The newly released Affordable Clean Energy rule, detailed by the U.S. Environmental Protection Agency on Tuesday, takes hold of Trump’s edict to challenge the Clean Power Plan, which set carbon reduction targets for every state. The president and many states charged that the Obama CPP overstepped boundaries for federal power and put burdensome regulations on many coal-power states.
“The ACE Rule would restore the rule of law and empower states to reduce greenhouse gas emissions and provide modern, reliable, and affordable energy for all Americans,” said EPA Acting Administrator Andrew Wheeler in the government release. “Today’s proposal provides the states and regulated community the certainty they need to continue environmental progress while fulfilling President Trump’s goal of energy dominance.”
The ACE sets forth four main courses of action on reducing greenhouse gas emissions. Those include finding best on-site power plant efficiencies, calling for lists of technologies which can be used in state plans, an updated New Source Review permitting program and regulations which give states flexibility in developing response plans.

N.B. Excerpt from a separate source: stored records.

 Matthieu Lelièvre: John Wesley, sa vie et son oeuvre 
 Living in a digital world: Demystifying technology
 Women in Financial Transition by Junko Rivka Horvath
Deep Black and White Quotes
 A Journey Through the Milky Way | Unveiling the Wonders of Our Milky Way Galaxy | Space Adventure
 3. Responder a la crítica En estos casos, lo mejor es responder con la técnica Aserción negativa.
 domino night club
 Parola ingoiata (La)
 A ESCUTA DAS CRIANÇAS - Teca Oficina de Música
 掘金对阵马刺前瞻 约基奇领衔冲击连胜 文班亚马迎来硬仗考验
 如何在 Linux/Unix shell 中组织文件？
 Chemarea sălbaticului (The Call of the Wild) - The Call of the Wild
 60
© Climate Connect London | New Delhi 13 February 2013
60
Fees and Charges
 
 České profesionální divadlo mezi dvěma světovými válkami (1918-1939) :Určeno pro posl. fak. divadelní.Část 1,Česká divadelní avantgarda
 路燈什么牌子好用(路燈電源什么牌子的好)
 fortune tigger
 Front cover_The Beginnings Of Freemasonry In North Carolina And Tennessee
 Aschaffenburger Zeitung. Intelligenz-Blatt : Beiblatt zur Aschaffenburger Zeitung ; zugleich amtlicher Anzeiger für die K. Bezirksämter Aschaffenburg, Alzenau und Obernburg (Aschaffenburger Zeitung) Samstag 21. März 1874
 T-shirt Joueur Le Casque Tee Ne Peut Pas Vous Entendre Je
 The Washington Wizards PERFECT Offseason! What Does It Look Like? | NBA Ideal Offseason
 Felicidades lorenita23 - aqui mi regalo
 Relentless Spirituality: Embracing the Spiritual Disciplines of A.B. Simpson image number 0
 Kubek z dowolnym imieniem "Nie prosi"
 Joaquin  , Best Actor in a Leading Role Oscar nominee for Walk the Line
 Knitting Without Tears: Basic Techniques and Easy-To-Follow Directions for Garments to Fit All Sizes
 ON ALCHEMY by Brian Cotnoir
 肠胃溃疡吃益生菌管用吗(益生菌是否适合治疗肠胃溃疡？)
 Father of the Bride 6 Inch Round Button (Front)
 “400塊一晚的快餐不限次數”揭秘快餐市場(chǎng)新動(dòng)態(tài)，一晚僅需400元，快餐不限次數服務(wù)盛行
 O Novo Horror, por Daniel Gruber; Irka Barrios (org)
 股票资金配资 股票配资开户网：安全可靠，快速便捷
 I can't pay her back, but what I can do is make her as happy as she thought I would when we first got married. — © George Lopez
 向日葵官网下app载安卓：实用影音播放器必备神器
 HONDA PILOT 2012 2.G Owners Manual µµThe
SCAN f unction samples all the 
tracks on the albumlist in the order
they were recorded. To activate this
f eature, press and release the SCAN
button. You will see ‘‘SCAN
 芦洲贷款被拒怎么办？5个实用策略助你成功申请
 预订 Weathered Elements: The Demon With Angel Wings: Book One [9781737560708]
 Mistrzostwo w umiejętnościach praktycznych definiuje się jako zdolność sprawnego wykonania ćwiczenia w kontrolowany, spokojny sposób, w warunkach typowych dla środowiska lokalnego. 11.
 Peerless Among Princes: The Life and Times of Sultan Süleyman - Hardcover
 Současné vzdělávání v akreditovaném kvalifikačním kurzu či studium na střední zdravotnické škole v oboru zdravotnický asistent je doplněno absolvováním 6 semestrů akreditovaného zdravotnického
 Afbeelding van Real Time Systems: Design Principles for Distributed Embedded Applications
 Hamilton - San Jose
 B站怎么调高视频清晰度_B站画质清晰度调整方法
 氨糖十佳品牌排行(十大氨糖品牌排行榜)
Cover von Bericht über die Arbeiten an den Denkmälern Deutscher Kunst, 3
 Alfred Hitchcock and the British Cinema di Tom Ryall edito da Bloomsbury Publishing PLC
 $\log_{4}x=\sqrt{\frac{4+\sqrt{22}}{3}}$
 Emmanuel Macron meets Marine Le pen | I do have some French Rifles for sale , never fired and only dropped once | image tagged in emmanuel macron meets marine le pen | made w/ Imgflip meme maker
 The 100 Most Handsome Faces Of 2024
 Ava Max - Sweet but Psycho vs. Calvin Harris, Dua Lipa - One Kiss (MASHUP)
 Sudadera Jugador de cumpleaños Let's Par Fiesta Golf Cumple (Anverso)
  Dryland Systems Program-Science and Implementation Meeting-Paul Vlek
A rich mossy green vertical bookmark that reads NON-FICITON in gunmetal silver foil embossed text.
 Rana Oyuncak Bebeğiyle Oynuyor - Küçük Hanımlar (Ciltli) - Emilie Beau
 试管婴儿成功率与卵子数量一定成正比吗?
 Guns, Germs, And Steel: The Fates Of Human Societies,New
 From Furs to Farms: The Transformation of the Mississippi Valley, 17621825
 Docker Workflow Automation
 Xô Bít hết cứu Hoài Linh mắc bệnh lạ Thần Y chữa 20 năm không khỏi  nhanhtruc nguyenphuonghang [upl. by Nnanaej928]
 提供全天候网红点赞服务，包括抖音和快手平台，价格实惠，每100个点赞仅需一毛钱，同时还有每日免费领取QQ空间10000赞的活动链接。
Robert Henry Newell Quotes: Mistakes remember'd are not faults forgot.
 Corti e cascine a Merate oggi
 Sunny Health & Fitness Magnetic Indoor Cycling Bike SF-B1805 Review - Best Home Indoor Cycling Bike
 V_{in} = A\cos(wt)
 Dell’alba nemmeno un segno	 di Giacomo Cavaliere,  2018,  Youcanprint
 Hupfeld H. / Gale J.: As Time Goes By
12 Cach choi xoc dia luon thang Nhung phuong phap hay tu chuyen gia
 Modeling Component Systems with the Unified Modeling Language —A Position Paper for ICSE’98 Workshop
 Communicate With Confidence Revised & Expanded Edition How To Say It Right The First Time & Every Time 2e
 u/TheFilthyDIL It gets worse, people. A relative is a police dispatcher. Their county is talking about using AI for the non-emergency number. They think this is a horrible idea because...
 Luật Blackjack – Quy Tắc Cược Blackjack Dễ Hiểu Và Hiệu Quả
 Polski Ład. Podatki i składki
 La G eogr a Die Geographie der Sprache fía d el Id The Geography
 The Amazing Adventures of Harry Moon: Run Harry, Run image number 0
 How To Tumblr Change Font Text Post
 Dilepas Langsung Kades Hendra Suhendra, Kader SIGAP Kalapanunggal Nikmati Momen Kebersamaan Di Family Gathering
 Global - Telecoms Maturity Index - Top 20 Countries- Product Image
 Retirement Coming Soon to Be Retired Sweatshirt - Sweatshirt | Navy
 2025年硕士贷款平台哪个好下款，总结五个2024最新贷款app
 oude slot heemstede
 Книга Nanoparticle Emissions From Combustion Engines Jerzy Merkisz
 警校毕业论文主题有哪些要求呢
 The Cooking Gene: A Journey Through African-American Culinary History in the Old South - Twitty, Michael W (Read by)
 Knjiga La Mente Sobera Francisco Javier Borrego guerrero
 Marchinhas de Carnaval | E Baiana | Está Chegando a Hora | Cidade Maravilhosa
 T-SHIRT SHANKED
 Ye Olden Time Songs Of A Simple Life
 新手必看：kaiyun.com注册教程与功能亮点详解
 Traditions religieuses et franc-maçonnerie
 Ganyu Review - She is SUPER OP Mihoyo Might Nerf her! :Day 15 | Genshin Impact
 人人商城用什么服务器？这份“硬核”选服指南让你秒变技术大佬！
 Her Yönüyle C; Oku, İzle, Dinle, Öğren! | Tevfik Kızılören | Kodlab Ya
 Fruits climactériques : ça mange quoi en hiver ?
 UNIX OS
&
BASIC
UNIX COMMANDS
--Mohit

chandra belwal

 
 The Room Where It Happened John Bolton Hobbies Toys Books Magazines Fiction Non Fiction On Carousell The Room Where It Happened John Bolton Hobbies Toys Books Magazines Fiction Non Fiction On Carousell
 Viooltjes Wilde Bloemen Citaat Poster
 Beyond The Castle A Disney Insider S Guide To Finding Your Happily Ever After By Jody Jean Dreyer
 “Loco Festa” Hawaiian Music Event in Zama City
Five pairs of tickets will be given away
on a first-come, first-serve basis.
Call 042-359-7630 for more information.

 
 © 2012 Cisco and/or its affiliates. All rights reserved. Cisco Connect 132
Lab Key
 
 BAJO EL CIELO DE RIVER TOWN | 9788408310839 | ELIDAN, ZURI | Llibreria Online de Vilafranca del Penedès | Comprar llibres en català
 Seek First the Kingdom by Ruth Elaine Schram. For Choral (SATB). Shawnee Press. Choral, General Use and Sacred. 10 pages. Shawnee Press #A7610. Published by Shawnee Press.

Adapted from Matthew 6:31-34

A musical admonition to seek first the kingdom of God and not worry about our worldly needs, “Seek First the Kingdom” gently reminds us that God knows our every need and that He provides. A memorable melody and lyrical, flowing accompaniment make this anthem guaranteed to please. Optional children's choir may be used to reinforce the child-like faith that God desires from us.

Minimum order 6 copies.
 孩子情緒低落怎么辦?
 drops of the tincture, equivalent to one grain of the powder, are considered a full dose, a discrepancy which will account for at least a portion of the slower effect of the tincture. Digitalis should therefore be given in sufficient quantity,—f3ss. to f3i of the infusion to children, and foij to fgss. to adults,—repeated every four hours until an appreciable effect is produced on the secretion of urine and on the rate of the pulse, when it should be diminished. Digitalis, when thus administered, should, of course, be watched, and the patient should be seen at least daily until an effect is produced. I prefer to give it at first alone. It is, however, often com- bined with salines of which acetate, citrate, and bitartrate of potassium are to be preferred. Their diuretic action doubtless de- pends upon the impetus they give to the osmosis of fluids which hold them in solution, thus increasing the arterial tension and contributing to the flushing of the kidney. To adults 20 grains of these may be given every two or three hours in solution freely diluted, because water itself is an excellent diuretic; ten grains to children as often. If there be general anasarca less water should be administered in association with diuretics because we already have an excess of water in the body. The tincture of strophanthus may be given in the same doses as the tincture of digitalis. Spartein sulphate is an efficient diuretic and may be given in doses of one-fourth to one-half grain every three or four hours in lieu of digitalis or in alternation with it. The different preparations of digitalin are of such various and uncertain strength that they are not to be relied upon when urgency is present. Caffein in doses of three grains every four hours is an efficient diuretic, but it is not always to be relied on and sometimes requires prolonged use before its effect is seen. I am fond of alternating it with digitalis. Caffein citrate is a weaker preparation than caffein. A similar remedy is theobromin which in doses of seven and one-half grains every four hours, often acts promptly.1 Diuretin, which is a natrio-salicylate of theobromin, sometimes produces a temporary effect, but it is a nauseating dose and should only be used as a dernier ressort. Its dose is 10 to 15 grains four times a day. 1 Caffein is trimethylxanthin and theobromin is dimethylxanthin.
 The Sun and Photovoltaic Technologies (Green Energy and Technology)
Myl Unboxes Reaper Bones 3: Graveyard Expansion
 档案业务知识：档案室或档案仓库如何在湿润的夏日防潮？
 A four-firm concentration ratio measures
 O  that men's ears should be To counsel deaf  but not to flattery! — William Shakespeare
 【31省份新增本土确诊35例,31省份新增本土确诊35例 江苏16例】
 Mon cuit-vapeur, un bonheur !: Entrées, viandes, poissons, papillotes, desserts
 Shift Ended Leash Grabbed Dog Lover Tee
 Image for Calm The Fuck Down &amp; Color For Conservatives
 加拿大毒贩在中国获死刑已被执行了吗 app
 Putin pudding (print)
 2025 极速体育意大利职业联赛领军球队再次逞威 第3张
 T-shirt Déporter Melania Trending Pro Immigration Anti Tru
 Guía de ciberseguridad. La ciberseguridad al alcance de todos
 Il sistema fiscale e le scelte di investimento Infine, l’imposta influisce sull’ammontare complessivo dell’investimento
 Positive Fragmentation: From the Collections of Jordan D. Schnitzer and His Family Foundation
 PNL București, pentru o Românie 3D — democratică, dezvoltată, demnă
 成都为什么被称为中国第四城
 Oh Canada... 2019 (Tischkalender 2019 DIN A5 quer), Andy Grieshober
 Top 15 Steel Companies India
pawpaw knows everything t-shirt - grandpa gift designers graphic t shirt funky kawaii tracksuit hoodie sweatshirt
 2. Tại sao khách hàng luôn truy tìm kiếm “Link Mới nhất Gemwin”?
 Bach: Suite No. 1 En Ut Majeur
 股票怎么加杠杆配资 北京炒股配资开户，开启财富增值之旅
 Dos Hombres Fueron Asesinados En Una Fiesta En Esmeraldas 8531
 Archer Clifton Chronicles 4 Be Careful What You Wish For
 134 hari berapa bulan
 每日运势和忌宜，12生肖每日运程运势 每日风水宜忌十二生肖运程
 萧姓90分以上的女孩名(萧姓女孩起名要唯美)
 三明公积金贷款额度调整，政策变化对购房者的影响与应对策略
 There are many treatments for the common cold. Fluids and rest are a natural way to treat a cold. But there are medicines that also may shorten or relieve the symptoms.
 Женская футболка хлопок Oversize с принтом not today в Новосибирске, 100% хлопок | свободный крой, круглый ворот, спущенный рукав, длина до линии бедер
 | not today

Many environmental groups are decrying the replacement for the 2015-era Clean Power Plan, which sought to reduce power-plant carbon emissions some 32 percent below 2005 levels by 2030. The advocacy groups voiced fears that reduced regulations will endanger health and un-do emissions progress made over past decades.
“The Trump administration’s new, enfeebled policy doesn’t come close to meeting the legal threshold required of the EPA to create safeguards against carbon emissions,” Mary Anne Hitt, director of the Sierra Club’s Beyond Coal Campaign, wrote on the group’s website. “In fact, it is exactly what Trump and Wheeler’s fossil fuel friends want, especially since they are losing money as the U.S. economy continues to rapidly move away from fossil fuels and toward cleaner, cheaper competitors like solar and wind.”
Hitt said the Clean Power Plan would have generated $45 billion in annual health, climate and economic benefits, even with the compliance costs.
The EPA Tuesday said the ACE rule could reduce 2030-level CO2 emissions by up to 1.5 percent from levels projected without the Clean Power Plan. The new rule also would reduce the compliance burden by up to $400 million annually, the release said.